Showcasing his most dominating performance to date, the 15-year-old boxer suggested that he got a much better feel for his work in the ring only after reviewing the fight tape.
"To be honest, I didn't even know that I was winning during the fight," said Hechler. "When I watched the video after, that's when I noticed that, wow, I really did demolish him."
With a previously injured right wrist now at 100 per cent, Hechler has incorporated both right uppercuts and right hooks more effectively in his arsenal, making far greater use of the shoulder feint, and simply moving a lot more in the ring.
His biggest obstacle remains the fact that with only a handful of bouts under his belt, Hechler is not yet considered an "Open" fighter, severely limiting the size of the pool of potential opponents.

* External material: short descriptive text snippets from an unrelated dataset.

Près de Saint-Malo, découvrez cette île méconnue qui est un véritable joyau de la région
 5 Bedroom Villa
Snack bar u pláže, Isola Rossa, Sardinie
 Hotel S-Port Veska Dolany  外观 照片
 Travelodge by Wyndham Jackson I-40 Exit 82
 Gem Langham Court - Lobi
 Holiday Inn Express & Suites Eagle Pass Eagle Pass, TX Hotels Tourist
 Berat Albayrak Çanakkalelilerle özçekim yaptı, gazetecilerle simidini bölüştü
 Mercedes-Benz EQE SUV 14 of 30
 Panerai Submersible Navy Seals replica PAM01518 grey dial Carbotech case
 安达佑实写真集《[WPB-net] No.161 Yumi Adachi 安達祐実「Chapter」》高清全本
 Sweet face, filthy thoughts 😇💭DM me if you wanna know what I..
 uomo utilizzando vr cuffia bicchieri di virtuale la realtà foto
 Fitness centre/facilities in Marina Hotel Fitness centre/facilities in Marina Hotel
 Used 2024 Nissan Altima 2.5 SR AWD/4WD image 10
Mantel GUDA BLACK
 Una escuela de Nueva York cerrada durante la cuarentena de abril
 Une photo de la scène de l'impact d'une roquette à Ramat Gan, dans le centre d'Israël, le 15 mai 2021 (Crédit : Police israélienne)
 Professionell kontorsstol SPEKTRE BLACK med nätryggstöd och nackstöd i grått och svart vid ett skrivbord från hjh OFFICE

"It's very, very frustrating," he said. "Going into the Golden Gloves, there were 15 fighters in our weight class. But then we had 10 or 11 that were open fighters." With a couple of no-shows added to the mix, it was suddenly just Hechler and Burns remaining.
For Brugess, limited competition comes part and parcel of being a female boxer. In 18-year-old Deyra Correa of Calgary, Alta., Brugess was facing an up-and-coming talent, one who had moved quickly through the ranks to ascend to the "Open" classification.
Undaunted, Brugess quickly established control, eventually taking a 3-0 decision in the four-round affair.
"About 20 seconds in, I threw a nice overhand right that landed really well and I thought, 'OK, I've got this girl,'" said Brugess.
"It was my best performance ever. The first time I watched it, of course, I saw all of the mistakes. But as I paid a little more attention to it, I realized that I had executed everything that I wanted to do in that fight."
At 33 years of age, Brugess is a relatively late entry to the world of amateur boxing. Thankfully, she's a very quick study, soaking in as much knowledge as she can, rapidly closing the gap against opponents with far more fights on their resumes.
"The main focus, recently, was learning how to move around my opponent, as well as learning how to draw punches a little more effectively," she said. "To make them throw something that you know is coming so that you can counter on that punch.
"I also have a tendency to go straight backwards, and sometimes I tend to punch on the fly and not plant my feet, but those were some of the smaller points that we were working on the past few months."
As dominant as Brugess was opposite the Bowmount Boxing Club teenager, there remained that constant reminder in the back of her mind not to let Correa off the hook.
"You open that door, just for a moment, to your opponent and that's when the lucky punch comes through and you end up on the canvas," said Brugess.
"You have to keep giving as much as you can give the whole way through."
Though upcoming bouts have yet to be confirmed for either Hechler or Brugess, the work in the gym keeps them busy, giving both athletes more than a fighting chance of continuing their impressive progress.